I’ll admit straight up I’d like to see Klobuchar as president, and I’m a lifelong Republican. She’s got a proven track record, she listens, she’s got self-control, she understands nuance as well as finance—something most of the people in the race, including the president, seem to lack.
Richard J. Sherry
St. Paul, Minn.
I am a former member of Senator Klobuchar’s staff and have not previously been contacted by the media. I didn’t really want to get involved in this, but I have been dismayed by the hyperbolic columns that have followed the media coverage of her relationship with her staff and felt compelled to respond in some small way after reading Ms. Flanagan’s piece.
Senator Klobuchar is a very demanding boss. No one disputes that, and she herself has said so. But the charges made in this column, that she is “unstable,” engages in “despicable” behavior, and is constantly driven by uncontrolled rage, do not reflect my experience over the course of three years in her office, and it is troubling that such charged terms are being leveled in an opinion column by an author with no personal knowledge of her subject. This is simply not a description that squares with what I know.
Brian M. Burton
As a former staff member in Amy Klobuchar’s Senate office, I was disappointed to read your piece on the senator.
The stories that served as the basis of your piece were based on anecdotes from a handful of anonymous former aides. Those reports in turn served as the basis for your sweepingly broad armchair psychoanalysis of Amy Klobuchar and indictment of her management style.
What you failed to do was listen to, or at least acknowledge, the more than 60 former Klobuchar staffers who continue to view Senator Klobuchar as a mentor and friend and who drafted a public letter to share their positive experiences of working in her office. Taking a few anonymous stories and opinions at face value and completely ignoring the experience of 66 staffers resulted in a one-sided and unfair analysis.
Erick Garcia Luna
As a young woman, having grown up in Minnesota, I originally championed Amy Klobuchar’s candidacy. I have seen the good she has done firsthand in my community, as well as countless others across the state. She has made it known that she genuinely cares about her constituents from both sides of the aisle, taking time to thoughtfully listen and talk to them about their issues (a seemingly small feat, but rare in today’s political climate). I have seen the bipartisan support she garners in the state and the way she strives for compromise. I was excited to watch her performance at the Brett Kavanaugh hearings, and I was proud to call her my senator.

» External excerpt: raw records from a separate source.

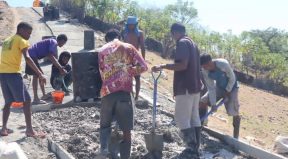 Rehabilitasaun estrada rurais ne'ebe implemnta iha Suku Lifau, aldeia Tula ika Bairo Postusika.
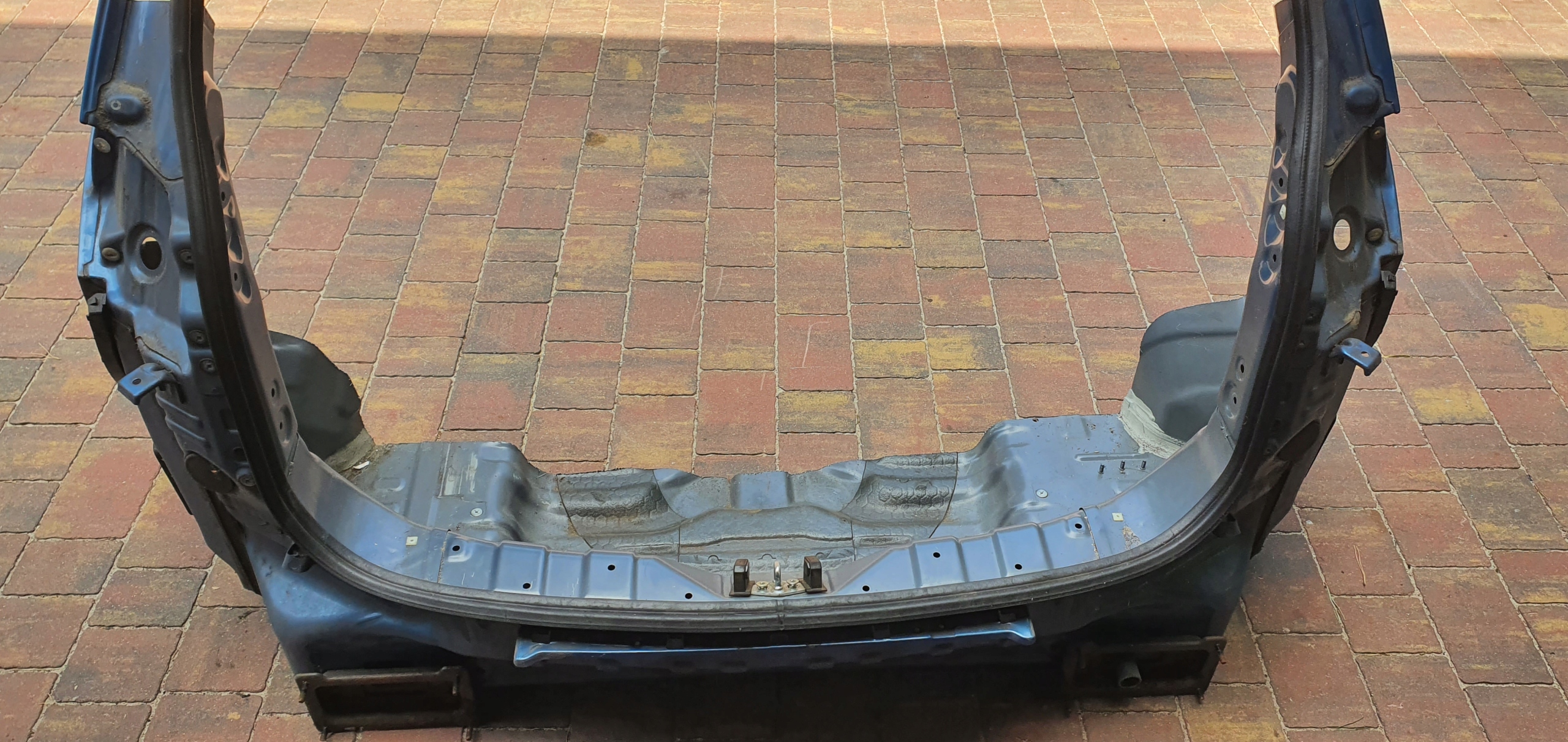 ЗАДНІЙ РЕМІНЬ ЗАДНЬОГО KIA SPORTAGE III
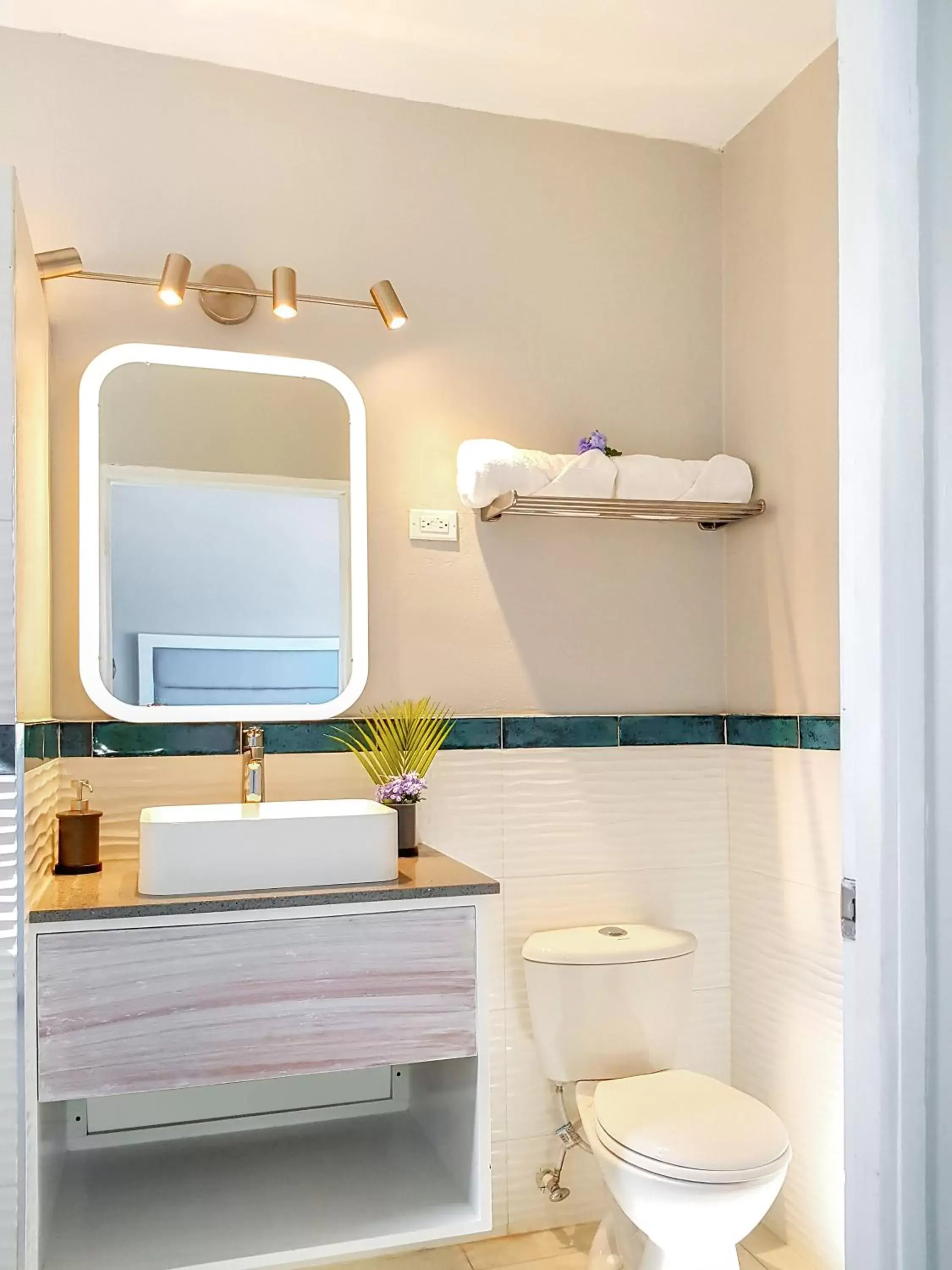 Shower, Bathroom in Luxe Beach Resort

When the recent accounts of her treatment of staffers came out, I was taken aback. Since I only knew her to be publicly caring, I found this fact hard to grapple with. I think these actions are not ones to defend, but I also think it is unfair to speculate as to why she is so hard on her staff. The article references her childhood and past, almost as a way to explain and write off the way she acts. Just because she was brought up by an alcoholic father and has a family history of alcoholism does not mean it is fair to assume this is the reason she is aggressive. Through these assumptions, a generalization is made about not only her experience and the way her character is shaped, but also about the experiences of countless other people who have grown up in similar situations.